War, the Anbar desert, and simply being a Marine makes you that way.
These men – no women out here (except the Iraqi terp I saw today) – are enduring elements that will make me never again complain about hot South Carolina summers. The Marines are constantly moving, functioning on small four-hour packages of sleep (sometimes less), and subsisting on Pop Tarts, Cheerios, and MREs. Sometimes, they eat steaks and ribs cooked by other Marines on the grill inside the BPs, the highlight of life out here.
They sleep in huge plywood and canvas “hootches,” basically giant tents. They relieve themselves in plastic “wag bags” or tubes sticking out of the ground. Cammie netting shields their battle positions from the searing sun. Razor wire, sandbag berms, and machine-guns mounted in towers protect them from enemy sappers and suicide bombers.
They unwind by reading books and watching DVDs from portable players. There is a single community computer at BP Tarawa with Internet access, but it’s very slow, the Internet signal is hit or miss; and somebody is always waiting in line to use it … even at 2:00 in the morning. Lots of time is spent sharing stories under the stars or in the hootches or outside of the combat operations center – real and imagined – of their greatest sexual conquests, and dreams of girls back home.They converse in simple sentences with clauses linked by all manner of profanity, but – like their battalion commander, Lt.

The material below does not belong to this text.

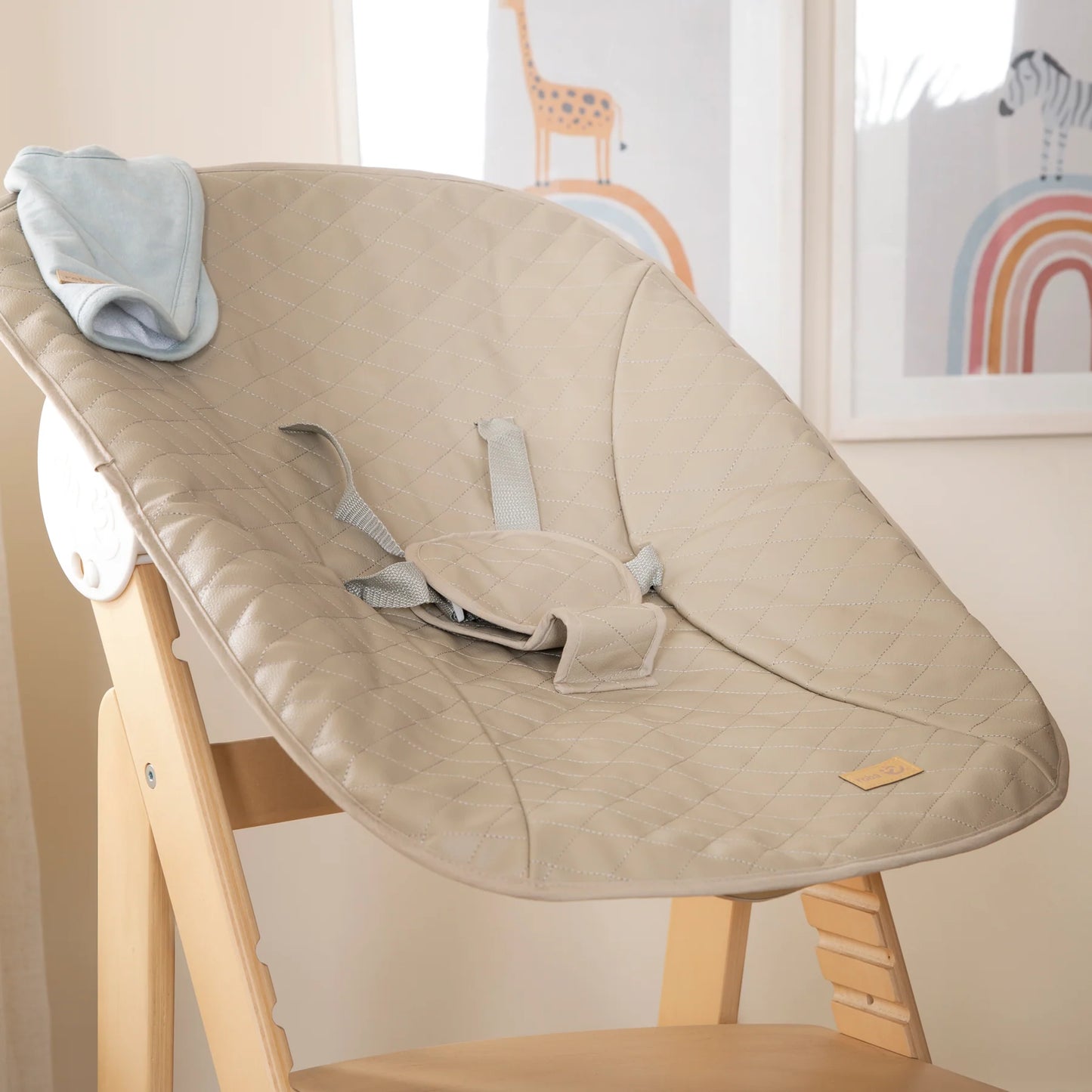 Hochstuhl 2 in 1: Holz,braun/beige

Col. Bohm – most of them pray openly and unashamedly. They constantly rib each other and boast – a lot of broad chests and big egos out here – but no one is ever offended by the other. They love each other like brothers, but expect a lot out of the same. Here there is no room for weakness, and one who exhibits fear, laziness, or untrustworthiness is quickly isolated and dealt with.
Every servicemember and veteran has good reason to take pride in the particular branch that defines their service. We each joined our respective branches for a reason. As Thomas writes of the Marines in the western Iraqi desert, it reminds me of why I chose the Marines: That rugged bravado, a truly iron-clad brotherhood with a self-imposed demand of higher standards and lower tolerance and a toughness subliminally enforced by the ghosts of such Marines as Dan Daly and Chesty Puller.
All services instill pride in their men and women, and each has cause for such pride distinguished not only by their service, but by the specific traditions and honor of each branch. And we compete heartily among ourselves constantly trying - demanding - to best the others. And we respect each other, though some non-military types may observe and swear by our sharp banter that we must truly hate one another at times. We most certainly do not, though I do recall a few rather untidy Marine-Army unsanctioned 'gloveless group boxing matches' staking out 'bar territory' in a certain unspecified Mexican border town. After all, the invincibility of youth, testosterone and ego is a terrible thing to waste. But such is the capitalism of American military service. And competition breeds excellence.
Sailors take pride in their particular ship. Soldiers take pride in their particular unit. And veterans' decals on their vehicles reflect, with "Big Red 1's, " "Rangers," and "USS Enterprise" stickers to distinguish their service. Such specificity is rare among Marines. Our decals far more often than not say simply one thing: "Marines." In many cases, such as mine, even less. A simple, prominent Marine Corps emblem, the Eagle, Globe & Anchor.
We all make mistakes in our lives and live with regrets. One thing there are absolutely no regrets over is choosing to "Embrace the Suck," as we were fond of saying while griping about one menial duty, task or deployment or another. After all, we were Uncle Sam's Misguided Children (USMC).
As Americans, we love each of our branches of service and those who serve in them. As veterans, we each especially love the one we chose for our own reasons.
I thank W. Thomas Smith for reminding me tonight of my own reasons. I hope you will read it all, for these men are Marines.